## [STORED DATA]

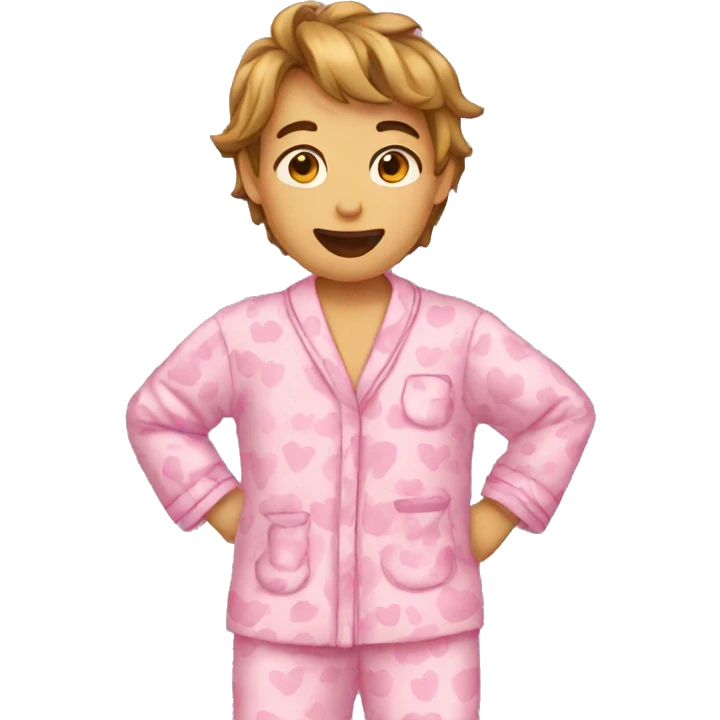 pajama emoji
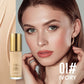 Natural Moisturizing Non-Makeup Foundation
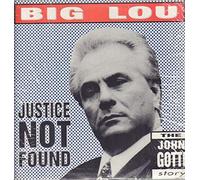Big Lou - Justice Not Found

## [ACTION ITEM]
Once the pictures are set aside, please reproduce the remaining material word for word.

## [PROBLEM SOLUTION]
 pajama emoji
 Natural Moisturizing Non-Makeup Foundation
Big Lou - Justice Not Found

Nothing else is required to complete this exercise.